British television presenter

Lukwesa Burak (/lʊˈkwɛsə ˈbjɜːræk/ luu-KWESS-ə-_-BYUR-ak; born ) is a news presenter and former weather presenter for BBC News in the UK. Previously, she worked for Al Jazeera English, Sky News and before that Africa Edition on eNCA (formerly known as eNews Channel), based in South Africa.

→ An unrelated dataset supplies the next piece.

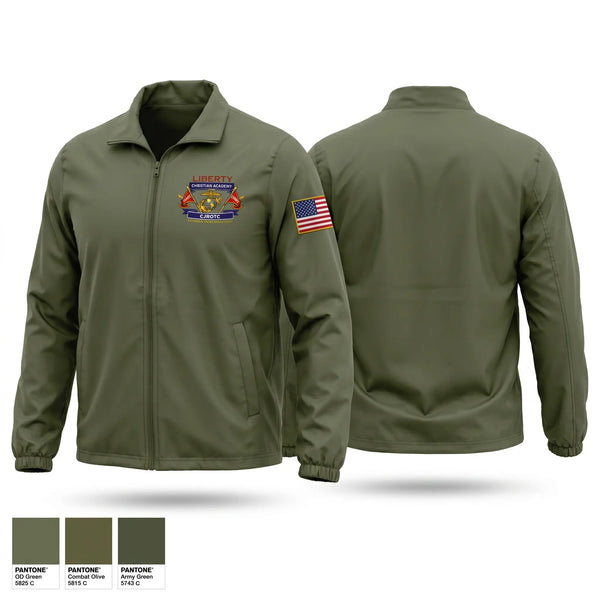 Windbreaker, Liberty Christian Academy CJROTC, Marines, Teamtime, Team time, sublimation, custom sports apparel, team uniforms, spirit wear, spiritwear, sports uniforms, custom shirts, team store, custom team store, fundraiser sports, apparel fundraiser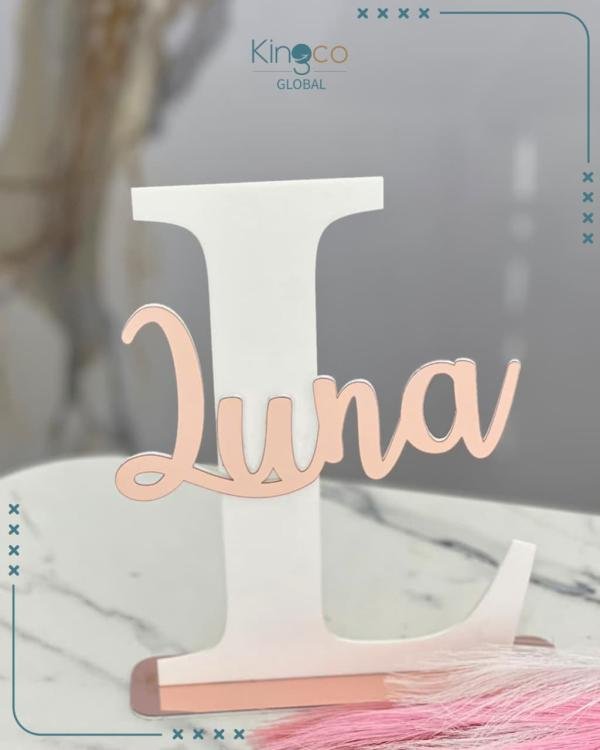 white plexi letter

She was formerly a weather forecaster and then news presenter in the United Kingdom, for East Midlands Today, a regional television news programme covering the Midlands area of Central England, followed by news presenter for Sky News, the 24-hour television news service operated by Sky Television, part of British Sky Broadcasting, based in London.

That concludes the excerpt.